EU Central Banks Dry Up?


Scramble for cash as central banks dry up
Patrick Hosking

British banks soon could be scrambling for short-term funding once more amid reports that supplies from Threadneedle Street and from Frankfurt may be drying up.
The Bank of England explicitly ruled out extending its Special Liquidity Scheme (SLS), while the European Central Bank is reportedly considering tightening its lending criteria.
The two central banks have been huge suppliers of liquidity to British banks. The SLS is thought to have provided £50 billion or more, while the ECB has lent banks €467 billion (£378 billion) - much of it thought to have gone to UK institutions.
Despite pressure from some British banks for an extension, the SLS will be closed to new applications from the week of October 20, the Bank said. UK banks have been campaigning for an extension to the scheme, under which the Bank provides banks with highly liquid government bonds in return for illiquid AAA-rated mortgage-backed securities.
As recently as Friday, Rod Kent, the chairman of Bradford & Bingley, called the SLS “a good idea” and contrasted its temporary nature with the permanence of the ECB liquidity window.
The ECB declined to comment on reports that it would change its rules soon, accepting only higher-quality collateral from borrower banks in exchange for cash.

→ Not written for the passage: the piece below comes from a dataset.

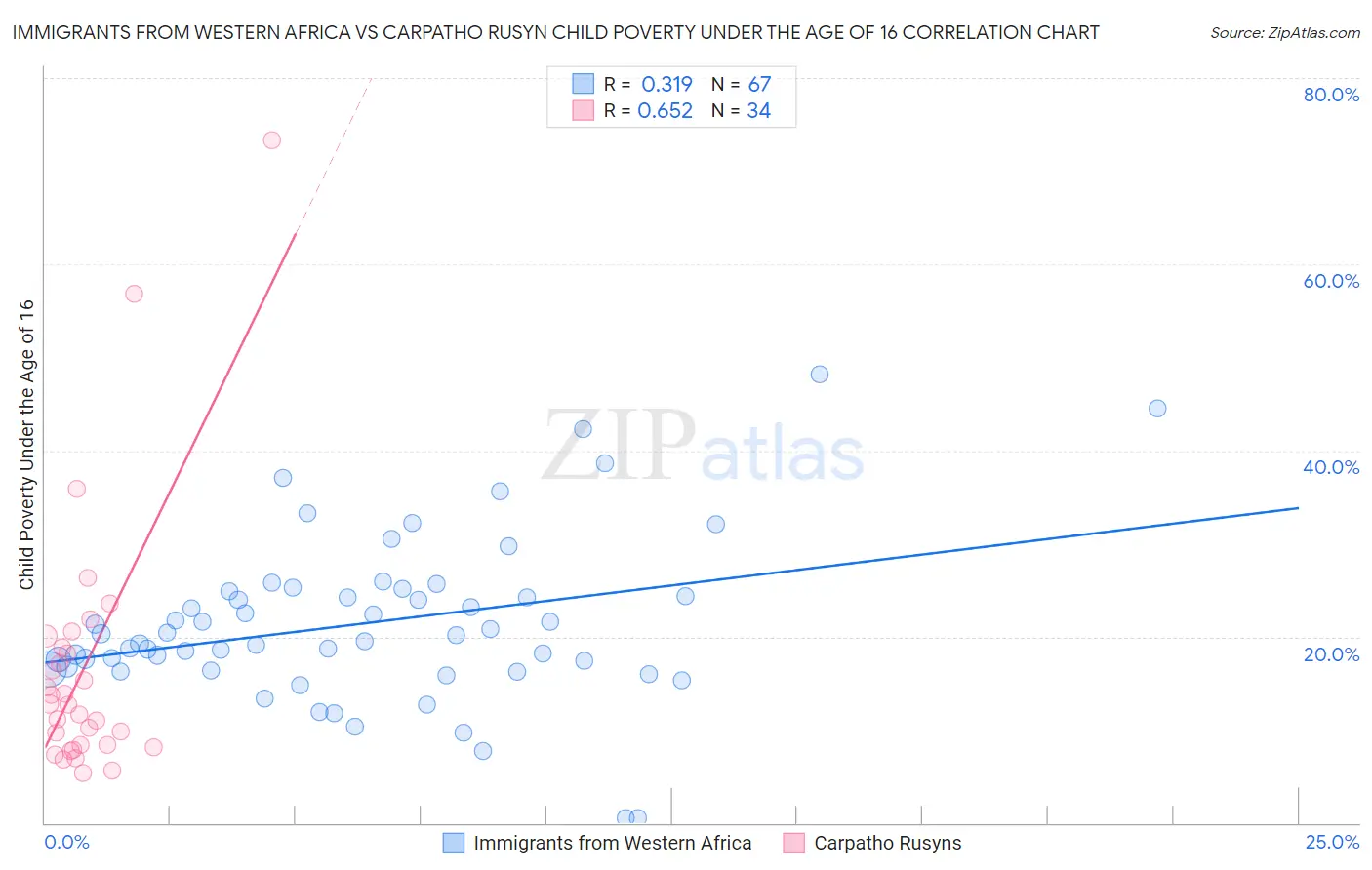 Immigrants from Western Africa vs Carpatho Rusyn Child Poverty Under the Age of 16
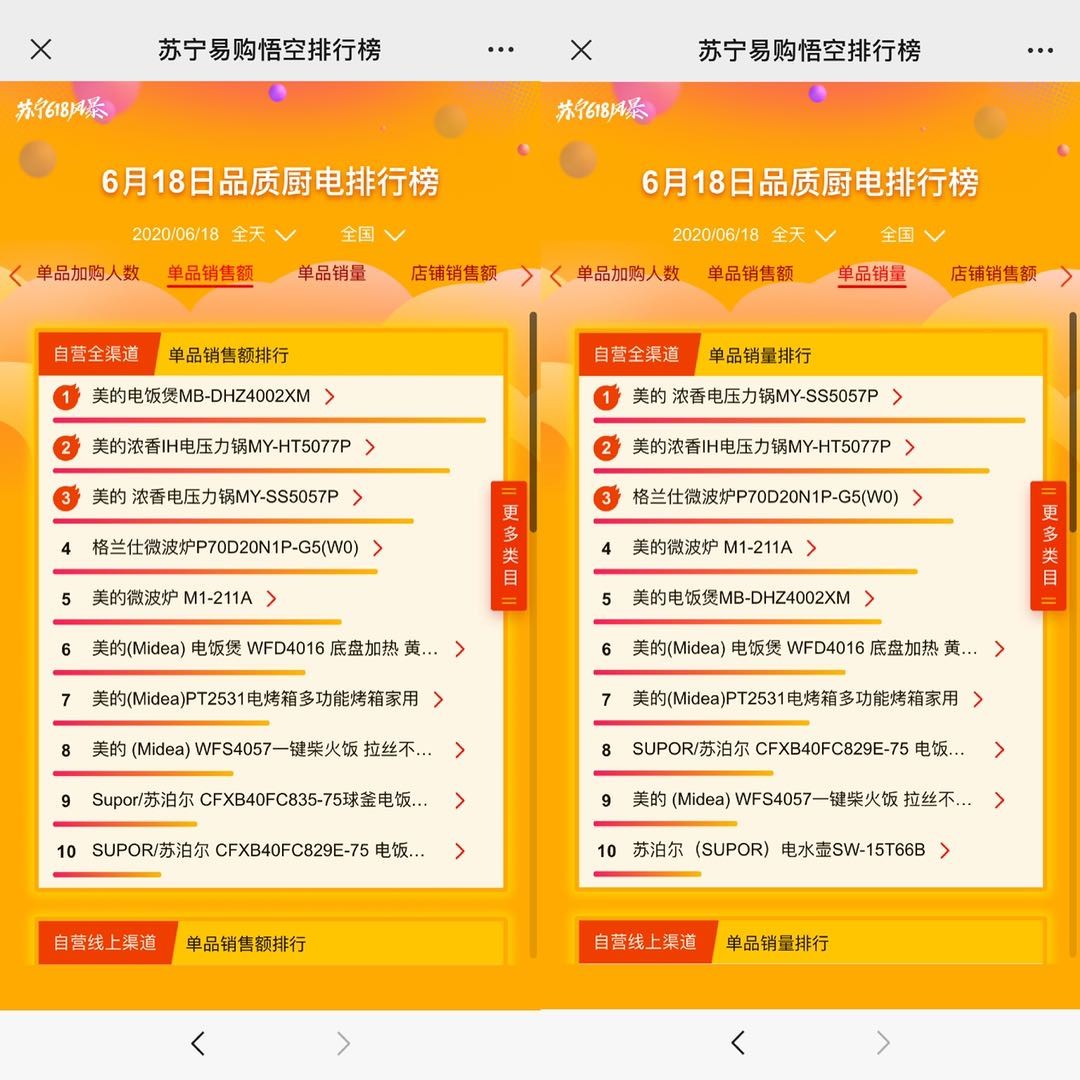 苏宁618悟空厨卫,618苏宁悟空厨卫排行榜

At present it accepts securities with credit ratings as low as A-. It also accepts private securities - instruments created by the banks and not traded on any public market. Some ECB officials are concerned that it has become a “dumping ground” for inferior mortgage-backed securities, according to The Wall Street Journal. The reform could come as early as Thursday, when the governing council meets and the ECB makes its monthly interest-rate decision.
While money market conditions have improved modestly in the past few months, banks are still hoarding cash. Three-month sterling Libor has been trading at 5.75 per cent, three quarters of a per cent above base rate, indicating continuing stress in the money markets. Before the crunch the margin was 0.1 or 0.2 of a per cent.